- TASK TO CARRY OUT
Retype each line below precisely and omit all images.

Collected data:
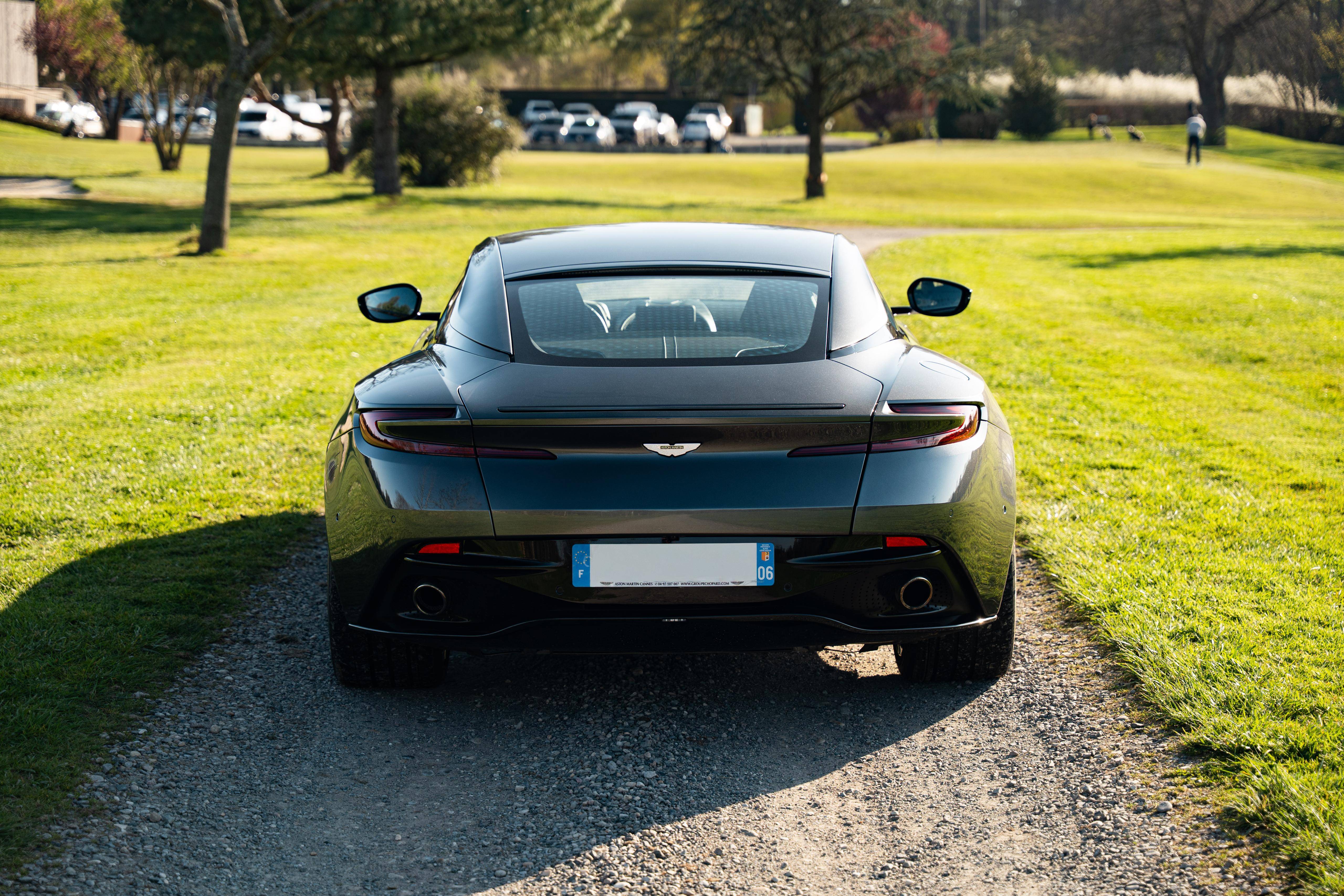 DB11 COUPE DB11 Coup&eacute; 5.2 Biturbo V12 &mdash; 2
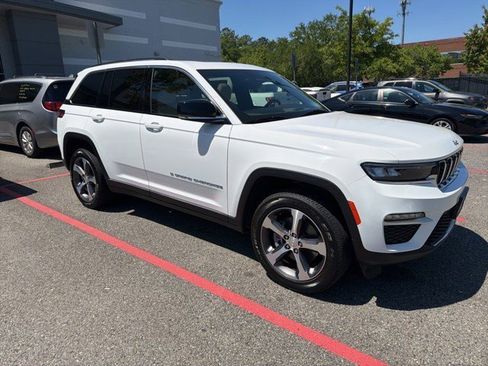 Used 2023 Jeep Grand Cherokee 4WD 4xe image 12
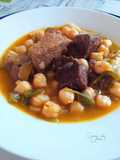 Jarrete de ternera con garbanzos al ras el hanout y verduras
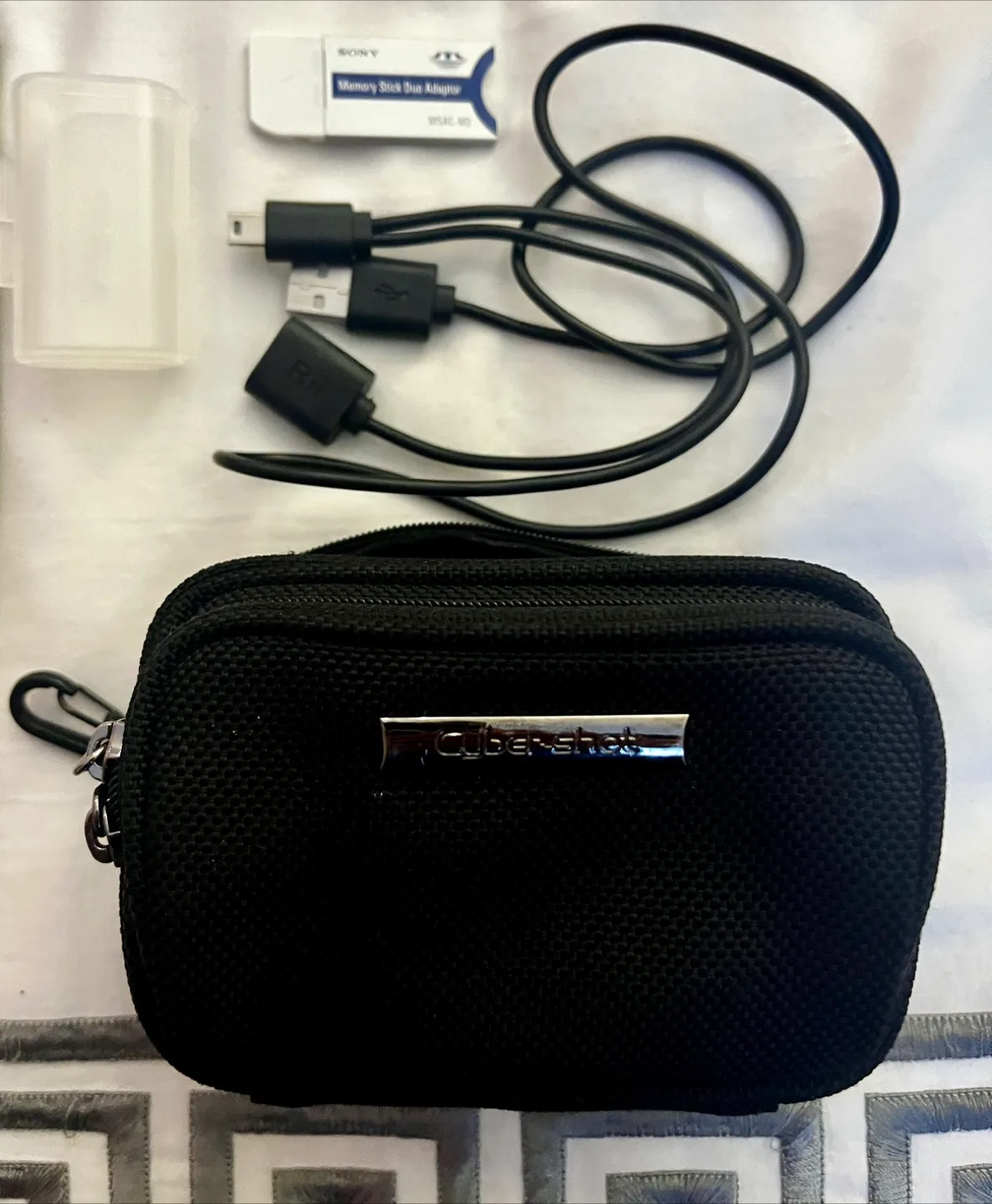 Sony Cyber-shot 📸 Digital Camera with Accessories image indicator(3)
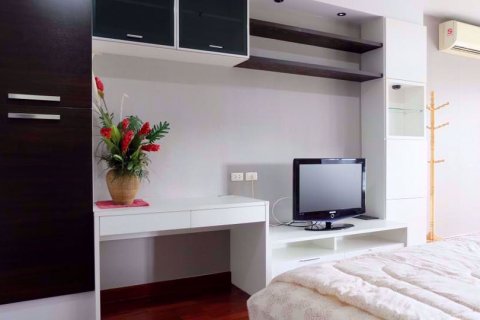 Condominio de 2 dormitorios en Watthana, Bangkok, Tailandia № 77162 - foto 11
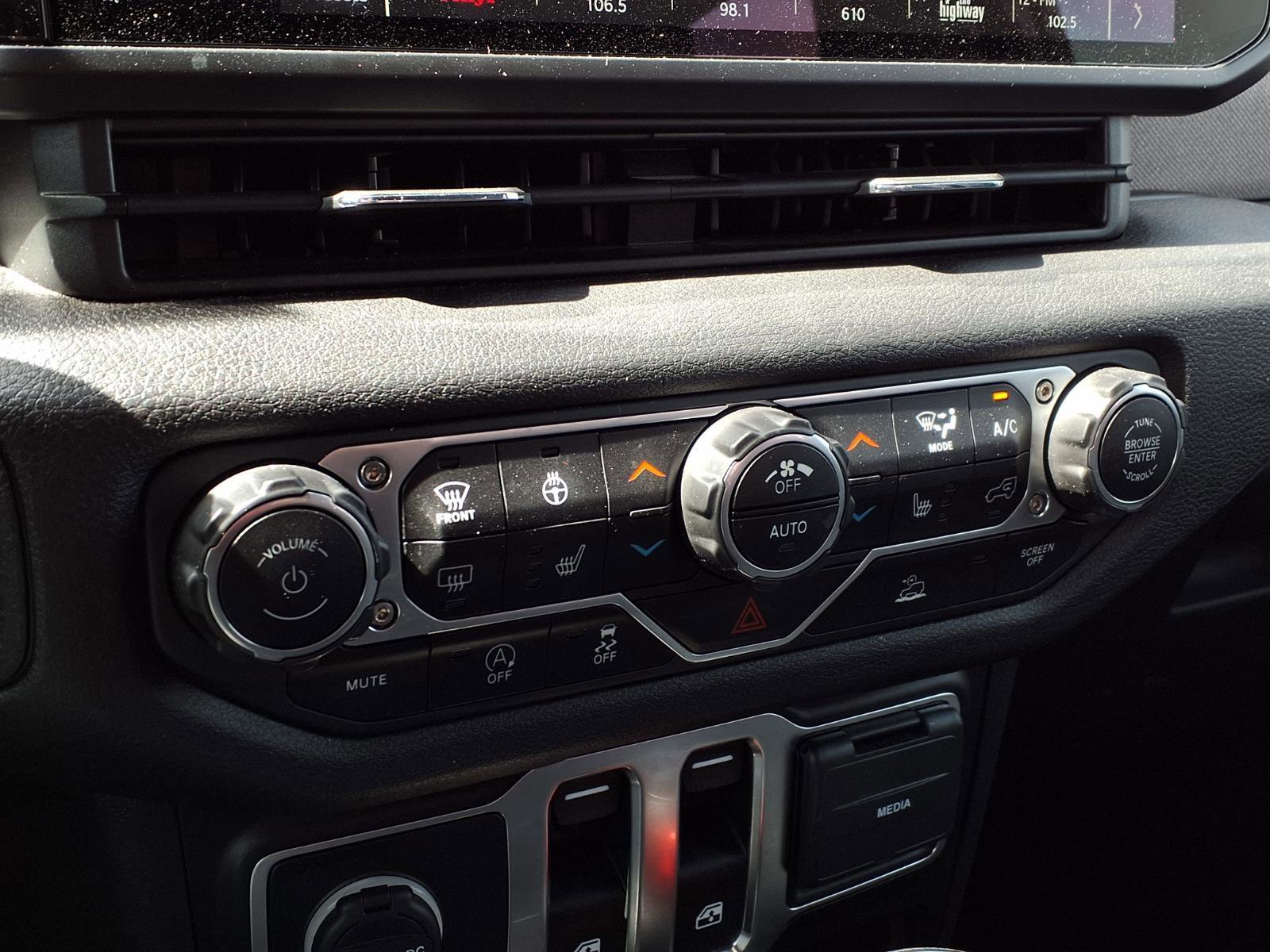 Used 2024 Jeep Wrangler Sport S image 5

- WRITTEN SOLUTION
 DB11 COUPE DB11 Coup&eacute; 5.2 Biturbo V12 &mdash; 2
 Used 2023 Jeep Grand Cherokee 4WD 4xe image 12
 Jarrete de ternera con garbanzos al ras el hanout y verduras
 Sony Cyber-shot 📸 Digital Camera with Accessories image indicator(3)
 Condominio de 2 dormitorios en Watthana, Bangkok, Tailandia № 77162 - foto 11
 Used 2024 Jeep Wrangler Sport S image 5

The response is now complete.